Senate Judiciary Committee Approves IPR Enforcement Bill
September 18, 2008
Its key provisions would authorize the Attorney General to enforce civil copyright laws and the creation of ‘IP Czar’ charged with developing a joint strategy for combating counterfeiting and IP infringement.
By authorizing the Attorney General to enforce copyright laws, the Act would allow the Department of Justice to bring civil actions on behalf of private parties, many of whom do not have the resources to go after domestic and international counterfeiters. It also doubles the minimum statutory penalties for copyright violations.
At the FBI, the Act would create a special unit to handle complex IP violations arising from organized crime and combat infringement over the internet by expanding the Computer Crime Enforcement Act of 2000.
The ‘IP Czar,’ or Intellectual Property Enforcement Coordinator, created by the bill would chair an interagency advisory committee charged with developing a joint strategy on combating piracy and counterfeiting.

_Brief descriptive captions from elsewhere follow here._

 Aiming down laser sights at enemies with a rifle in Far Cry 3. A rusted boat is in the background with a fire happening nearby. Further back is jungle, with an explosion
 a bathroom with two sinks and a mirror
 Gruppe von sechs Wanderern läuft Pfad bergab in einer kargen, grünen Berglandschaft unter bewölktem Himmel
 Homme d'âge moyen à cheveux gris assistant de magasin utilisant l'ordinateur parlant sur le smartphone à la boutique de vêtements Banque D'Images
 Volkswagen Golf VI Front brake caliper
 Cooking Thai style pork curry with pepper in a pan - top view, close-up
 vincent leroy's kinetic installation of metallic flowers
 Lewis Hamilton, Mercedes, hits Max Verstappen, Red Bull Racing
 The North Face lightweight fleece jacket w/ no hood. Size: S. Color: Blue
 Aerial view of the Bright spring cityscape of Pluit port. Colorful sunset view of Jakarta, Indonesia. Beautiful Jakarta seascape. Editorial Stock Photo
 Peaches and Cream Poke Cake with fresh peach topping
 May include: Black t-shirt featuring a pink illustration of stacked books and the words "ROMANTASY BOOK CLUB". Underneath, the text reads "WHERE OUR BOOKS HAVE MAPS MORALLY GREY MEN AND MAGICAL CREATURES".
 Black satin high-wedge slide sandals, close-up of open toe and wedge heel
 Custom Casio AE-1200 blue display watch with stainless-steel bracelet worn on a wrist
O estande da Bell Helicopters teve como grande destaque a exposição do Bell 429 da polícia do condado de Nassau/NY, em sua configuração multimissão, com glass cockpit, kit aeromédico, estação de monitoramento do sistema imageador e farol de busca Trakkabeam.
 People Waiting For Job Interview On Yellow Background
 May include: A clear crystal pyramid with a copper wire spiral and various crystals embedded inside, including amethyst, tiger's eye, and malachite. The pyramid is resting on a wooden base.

The committee members would be appointed by the heads of all relevant agencies, including the Office of Management and Budget, Department of Justices, Food and Drug Administration, U.S. Trade Representative, etc.
The objectives of the joint strategic plan produced by the advisory committee include the following (partial list):
- Reducing counterfeit and pirated goods in the domestic and international supply chain.
- Identifying and addressing structural weaknesses, systemic flaws, or other unjustified impediments to effective enforcement action against the financing, trafficking, production, or sale of counterfeit or pirated goods.
- Ensuring that information is identified and shared among the relevant departments to the extent permitted by law.
- Strengthening the capacity of other countries to protect and enforce intellectual property rights.
- Working with other countries to establish international standards and polices for the effective protection of IP.
- Protect IPR overseas by building a formal process for consulting with companies, industry associations, labor unions and other interested groups in other countries.
This Strategic Plan is to be submitted to Congress no later than 12 months after the enactment of the Act, and not later than December 31 of every third year thereafter. In addition to the Strategic Plan, the advisory committee will be required to submit to Congress an annual report analyzing the progress made toward the objectives set forth in the Strategic Plan.
Internationally, the Act calls for the deployment of 5 additional IP Enforcement Coordinators to countries and regions where they can pursue the interests of the Strategic Plan. These Enforcement Coordinators will act as liaisons with foreign law agencies, perform outreach and training to build enforcement capacity in host countries, and coordinate US enforcement activities in their country/region.
In related news, Senator Baucus (D-Mt.) introduced a bill to improve the international protection and enforcement of intellectual property rights (S. 3464), on
It is unclear what action the Baucus bill will see this congress, or if it will be enrolled as part of another bill, but S. 3325 has been placed on the Senate calendar and is likely to receive a vote before the end of this session.